27/06/2016
O governo federal só tem R$ 13 bilhões a receber do BNDES até 2018 pelos empréstimos que fez ao banco de fomento entre 2008 e 2014.
O valor está abaixo dos R$ 100 bilhões que o governo do presidente interino, Michel Temer, pretende receber antecipadamente da instituição para tentar melhorar as contas públicas.
Segundo o BNDES, os contratos preveem o pagamento de R$ 28 bilhões até 2018, dos quais R$ 15 bilhões já foram pagos neste ano. Os dados foram revelados à Folha pelo BNDES após questionamento. O banco informou ainda que analisa se a antecipação é juridicamente possível.

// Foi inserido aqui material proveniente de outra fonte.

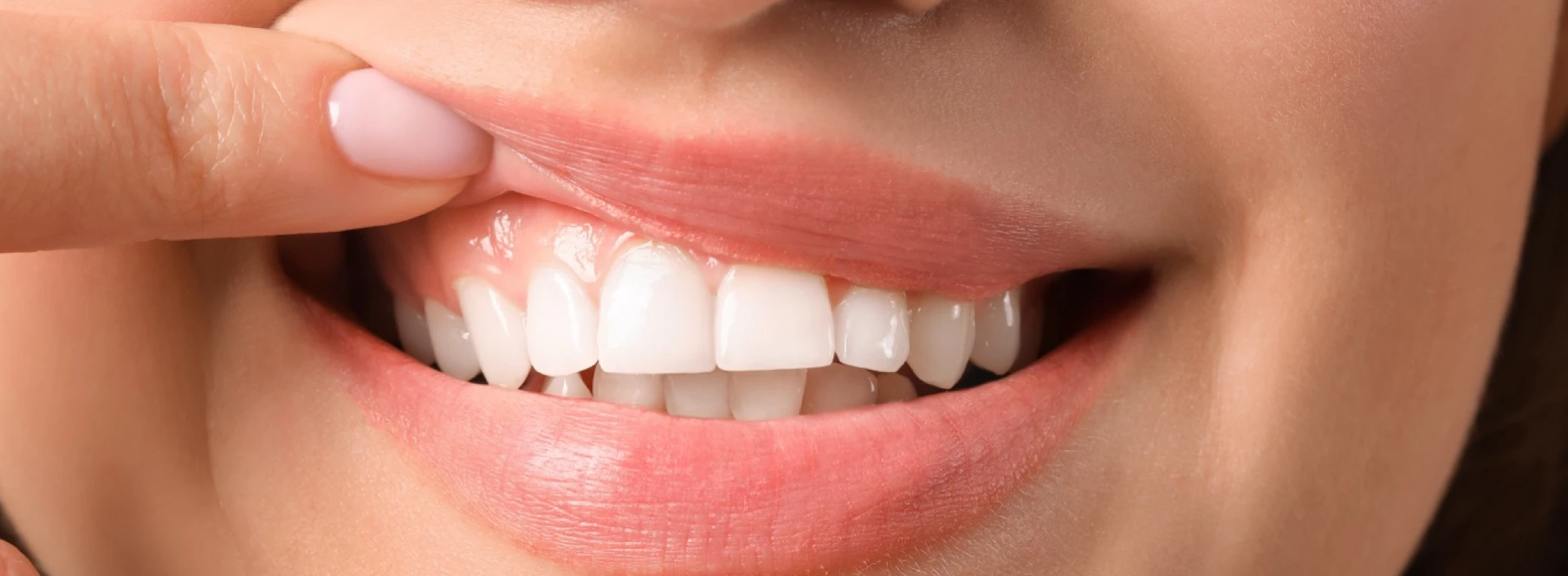 A detailed close-up of unhealthy white gums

Pela proposta do governo, o Tesouro receberia R$ 40 bilhões neste ano, R$ 30 bilhões em 2017 e R$ 30 bilhões em 2018.
ENTENDA O CASO
Entre 2008 e 2014, o governo federal emprestou ao BNDES cerca de R$ 450 bilhões para que o banco pudesse injetar esse dinheiro na economia por meio de empréstimos subsidiados a empresas. Ao longo dos anos, foram dezenas de contratos e renegociações entre ambos.
No mais recente boletim sobre o tema, publicado em fevereiro, o BNDES informou que, após quitar parte dos juros e principal das dívidas, ainda deve ao governo R$ 513,6 bilhões em valores corrigidos pela inflação.

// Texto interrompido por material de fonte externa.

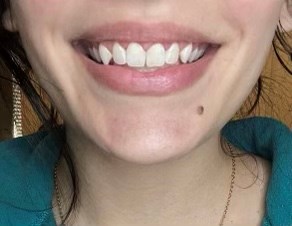 Laser Gum Lift After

De acordo com levantamento feito pela reportagem, nos 23 contratos firmados entre o Tesouro Nacional e o BNDES, o banco teria de começar a devolver 89% do dinheiro que ainda tem a pagar ao governo apenas a partir de 2019 e em prestações que vão até março de 2060.

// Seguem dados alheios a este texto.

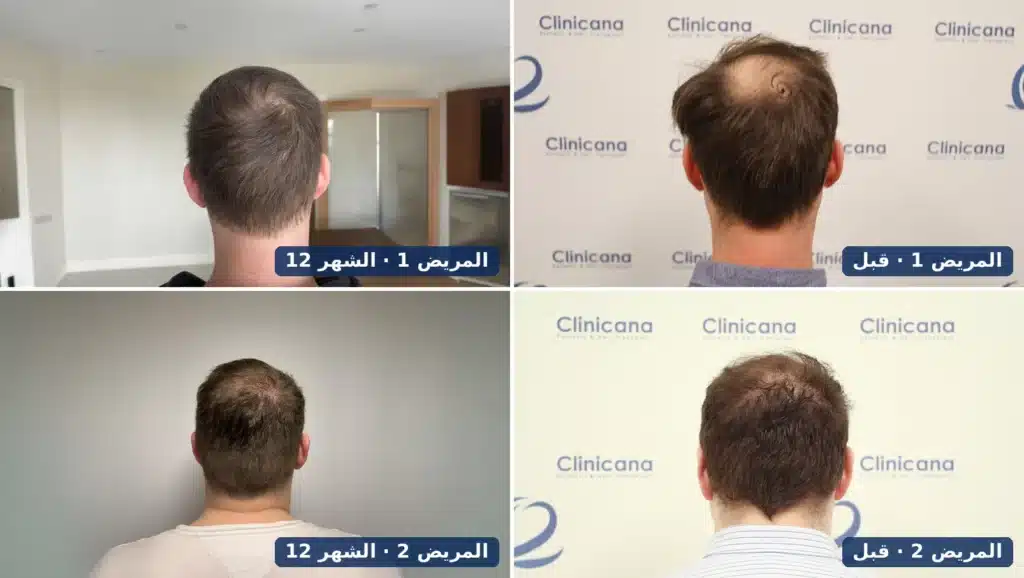 مريضان في كلينيكانا قبل زراعة شعر التاج وبعد 12 شهراً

Essa dívida não é a mesma que levou às chamadas pedaladas fiscais. Nessa, o governo é que tinha de repassar ao banco dinheiro referente ao subsídio que o BNDES aplicava em empréstimos, ao dar crédito a empresas com juros abaixo dos de mercado. O governo atrasou essa compensação por anos, ficando com até R$ 20 bilhões em dívidas.
PRAZOS DISTINTOS
Há três tipos de contrato entre o governo e o banco, no que se refere aos prazos de pagamento. Um primeiro tipo, em que não há carência: o BNDES paga prestações em prazo "perpétuo", ou seja, sem prazo limite definido. Esses contratos somam R$ 36,6 bilhões em saldos a pagar ao governo.
Num segundo tipo de contrato, a carência para pagar o principal e os juros do empréstimo acaba até maio de 2017. Nesses, o banco tem ainda uma dívida com o governo de R$ 22,3 bilhões.
No terceiro tipo, que concentra a maioria da dívida, o pagamento de juros e do principal só precisa começar a partir de dezembro de 2019. Nesses 13 contratos, o BNDES teria a pagar ao governo, em valores de hoje, R$ 454,7 bilhões.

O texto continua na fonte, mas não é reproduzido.